Even a trip to the mighty Iranshah in Udwada is incomplete without it in today’s times. It’s heart-breaking that when you sit down for lunch at the Globe; with your fried fish, chicken palao, mutton sali and tamota per eidu, you are served ‘dilute’ versions in the form of Slice, Frooti and Maaza in their unsustainable plastic attire. No amount of imagining Katrina Kaif licking her luscious lips with fake mango-mash stains on her smooth skin can replace the joy of taking a mighty swig at the original juice. This is the difference between real pulp and pulp fiction. The ‘Aam-sutra’ campaign by Slice took indulgence in mangoes to a whole new level- robbing from us the innocence and simplicity that Mangola was associated with for more than half a century.

To many, the loss of the Dukes Mangola doesn’t stir the same melancholy as it does to some of us who’ve made wonderful memories under its influence. Every Parsi ‘aam-aadmis’ household was stashed with crates of it only to serve the unexpected electrician, dhobi, courier man or plumber, toiling in Bombay’s heat, to rid them of their fatigue. Even stray dogs that I brought home as a child had the privilege of drinking either Parsi dairy farm nu doodh or Mangola! Such were the standards of a generation gone by. Most housewives stuck to Mangola for decades until pressures of modern society forced them to uncomfortably hold up glasses of wine at their kitty-parties. Why is it that Mangola like the Victoria Terminus has become heritage? While a hot cup of Taj Mahal tea resolves nearly all of today’s middle-aged woes, the younger generation believes that there is nothing that a Café Mocha-Vodka-Gin-latte can’t fix.

The company was established in 1889 in Bombay by the legendary Dinshawji Cooverji Pundole manufacturing the psychedelic range of Tango, Raspberry, Ginger, Pineapple and Lemonade. Pandole was part of the historic cricket team that was touring England in 1888, taking 86 wickets in the series using a ball made by Duke and sons. And that was the auspicious name he gave to begin his ‘dukedom.’ Mangola was introduced only much later by them in the 1950’s to combat the fizzy Coca-Cola invasion. The Pandoles reportedly bought mango pulp that could last for a year, but the drink was such a hit, all the pulp was used up in just four months. It was so intense and mango-like that nothing else came close.

A century later, Pepsico took over in 1995 and Mangolas memory began to fade over the next decade as several attempts to recreate its magic were in vain. Even though talks of it resurfacing in its classic retro bottle keep making news, it remains a distant dream for the diehard Mangola romantics. If someone is willing to cash in on its revival then if nothing else I urge them to do it for nostalgias sake. For what is Bombay without it? It’s not only us but even the tee-totaling Gujrati and Marvadi community that will make a beeline for it when they see the wooden panels of Irani cafes lined with their favorite refresher.
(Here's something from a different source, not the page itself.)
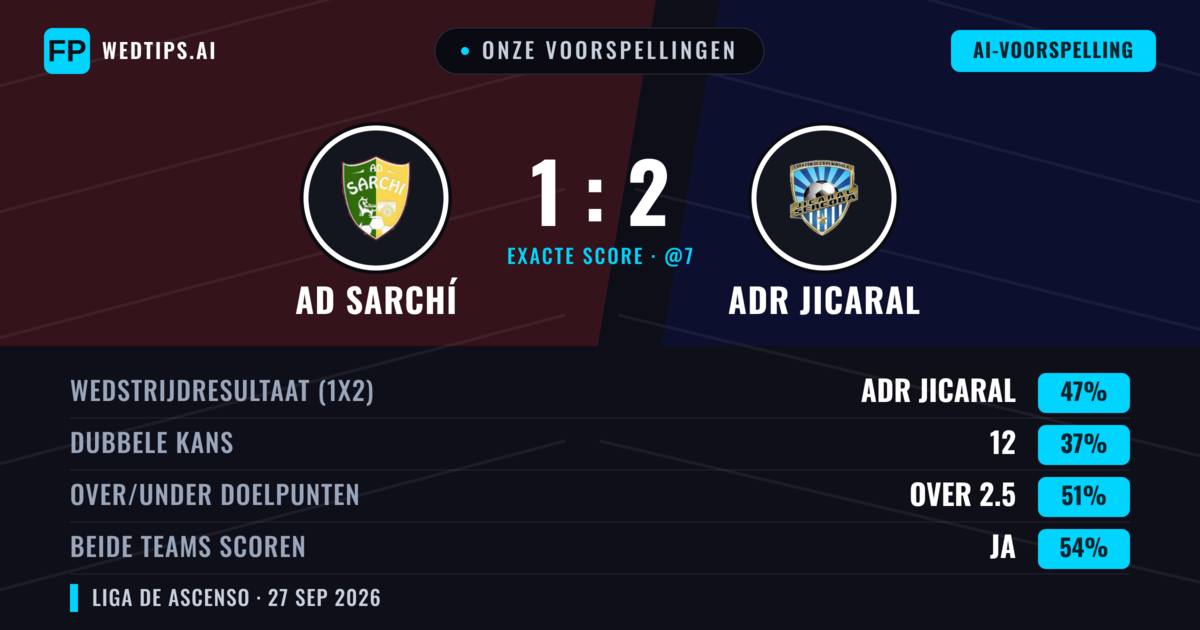 Onze voorspellingen: AD Sarchí vs ADR Jicaral — ADR Jicaral — Win (47%); Over 2.5; Beide scoren: Ja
I agree that the community has to deal with larger issues such as its pocketable population, doongarwadi dilemmas and housing horrors. All of us are trying to accomplish something big, not realizing that life is made up of little things. In an age where all pleasures are adulterated, let’s hold onto the pure ones with innocence maintained. So if you are one of those who like Coffee with Karan or Beer with Berlusconi– Stand up for a revival and have a Mangola with Mazda.